• **PROBLEM DESCRIPTION**:
Write out the stretch of lines below that begins at the line with "Natural Rough Morganite" and ends at the line with "Zarif Figürlerle Bir", including both, exactly as given and nothing more.

• **INPUT RECORDS**:
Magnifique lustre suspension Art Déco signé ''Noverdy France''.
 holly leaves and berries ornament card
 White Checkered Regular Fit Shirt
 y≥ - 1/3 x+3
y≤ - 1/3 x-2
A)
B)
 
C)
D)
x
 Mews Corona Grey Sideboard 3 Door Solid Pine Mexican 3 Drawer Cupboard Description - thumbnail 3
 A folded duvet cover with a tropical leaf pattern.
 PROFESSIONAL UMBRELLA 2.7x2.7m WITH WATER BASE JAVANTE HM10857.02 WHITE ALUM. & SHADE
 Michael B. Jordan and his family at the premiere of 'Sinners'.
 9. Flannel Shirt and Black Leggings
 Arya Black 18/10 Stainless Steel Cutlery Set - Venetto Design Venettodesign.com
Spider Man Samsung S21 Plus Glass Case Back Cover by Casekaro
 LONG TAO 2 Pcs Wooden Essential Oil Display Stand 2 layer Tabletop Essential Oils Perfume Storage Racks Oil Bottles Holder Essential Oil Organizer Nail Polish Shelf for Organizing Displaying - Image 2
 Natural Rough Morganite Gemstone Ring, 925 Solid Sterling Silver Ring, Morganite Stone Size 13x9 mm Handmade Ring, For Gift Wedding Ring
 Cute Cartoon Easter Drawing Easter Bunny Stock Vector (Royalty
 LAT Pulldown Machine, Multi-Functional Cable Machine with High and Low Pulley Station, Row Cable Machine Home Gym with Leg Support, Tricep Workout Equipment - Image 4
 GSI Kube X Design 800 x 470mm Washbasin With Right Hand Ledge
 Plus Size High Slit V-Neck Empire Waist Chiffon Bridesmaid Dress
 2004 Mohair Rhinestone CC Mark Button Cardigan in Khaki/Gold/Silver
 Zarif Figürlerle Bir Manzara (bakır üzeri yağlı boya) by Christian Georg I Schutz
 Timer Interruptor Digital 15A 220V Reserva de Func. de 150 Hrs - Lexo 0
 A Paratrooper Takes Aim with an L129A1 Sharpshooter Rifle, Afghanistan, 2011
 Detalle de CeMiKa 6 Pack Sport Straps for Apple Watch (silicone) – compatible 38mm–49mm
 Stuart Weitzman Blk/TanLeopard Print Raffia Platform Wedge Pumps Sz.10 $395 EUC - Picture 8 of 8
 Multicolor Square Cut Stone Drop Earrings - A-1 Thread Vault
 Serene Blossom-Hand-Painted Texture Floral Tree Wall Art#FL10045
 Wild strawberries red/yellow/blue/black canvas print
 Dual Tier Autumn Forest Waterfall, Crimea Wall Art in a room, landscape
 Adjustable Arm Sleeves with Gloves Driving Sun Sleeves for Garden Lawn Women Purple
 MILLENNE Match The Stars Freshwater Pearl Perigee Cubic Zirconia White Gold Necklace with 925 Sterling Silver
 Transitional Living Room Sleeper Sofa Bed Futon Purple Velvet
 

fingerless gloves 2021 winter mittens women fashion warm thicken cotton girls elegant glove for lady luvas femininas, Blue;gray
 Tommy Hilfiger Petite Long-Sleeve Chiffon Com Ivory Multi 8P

• **YOUR SOLUTION**:
 Natural Rough Morganite Gemstone Ring, 925 Solid Sterling Silver Ring, Morganite Stone Size 13x9 mm Handmade Ring, For Gift Wedding Ring
 Cute Cartoon Easter Drawing Easter Bunny Stock Vector (Royalty
 LAT Pulldown Machine, Multi-Functional Cable Machine with High and Low Pulley Station, Row Cable Machine Home Gym with Leg Support, Tricep Workout Equipment - Image 4
 GSI Kube X Design 800 x 470mm Washbasin With Right Hand Ledge
 Plus Size High Slit V-Neck Empire Waist Chiffon Bridesmaid Dress
 2004 Mohair Rhinestone CC Mark Button Cardigan in Khaki/Gold/Silver
 Zarif Figürlerle Bir Manzara (bakır üzeri yağlı boya) by Christian Georg I Schutz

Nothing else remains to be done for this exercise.